■ INFORMATION SHOWN:
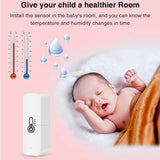 Tuya WiFi Intelligent Temperature Humidity Detector Sensors Home Indoor Temperature Humidity Detector APP Real-time Monitoring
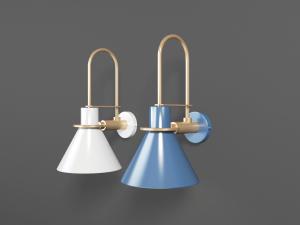 工业风金属灯罩壁灯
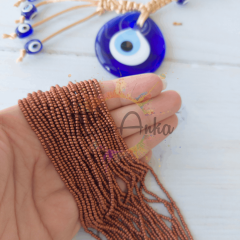 11/0 Preciosa Dizi Kum Boncuk 01750 Metalik Bakır 016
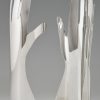 Le Mani, 2 handen, sculptuur in verzilverd metaal.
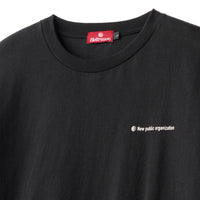 NEW PUBLIC ORGANIZATION L/S SHIRT - BLACK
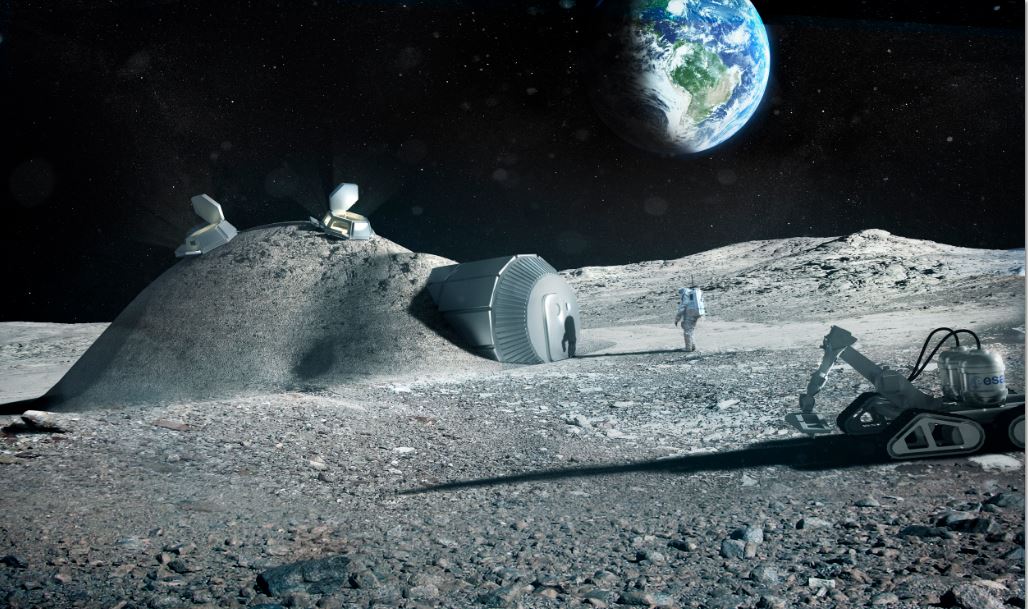 Lunar base built using 3D printing European Space Agency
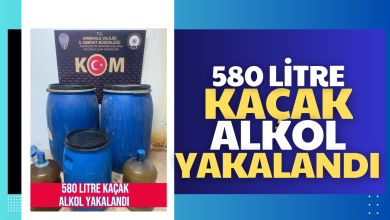 Photo of Kırıkkale Emniyet Müdürlüğü 580 litre sahte/kaçak içki ele geçirdi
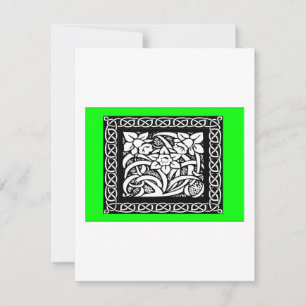 Cartão De Festividades Placa de Saudação Celtic Knove All Occasion
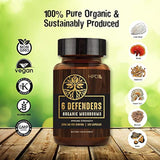 Mezcla de extracto de hongos orgánicos 6 Defenders - 2250 mg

■ WHAT TO DO: Each record above should be copied character for character, with pictures dropped.

■ OUTPUT BELOW:
 Tuya WiFi Intelligent Temperature Humidity Detector Sensors Home Indoor Temperature Humidity Detector APP Real-time Monitoring
 工业风金属灯罩壁灯
 11/0 Preciosa Dizi Kum Boncuk 01750 Metalik Bakır 016
 Le Mani, 2 handen, sculptuur in verzilverd metaal.
 NEW PUBLIC ORGANIZATION L/S SHIRT - BLACK
 Lunar base built using 3D printing European Space Agency
 Photo of Kırıkkale Emniyet Müdürlüğü 580 litre sahte/kaçak içki ele geçirdi
 Cartão De Festividades Placa de Saudação Celtic Knove All Occasion
 Mezcla de extracto de hongos orgánicos 6 Defenders - 2250 mg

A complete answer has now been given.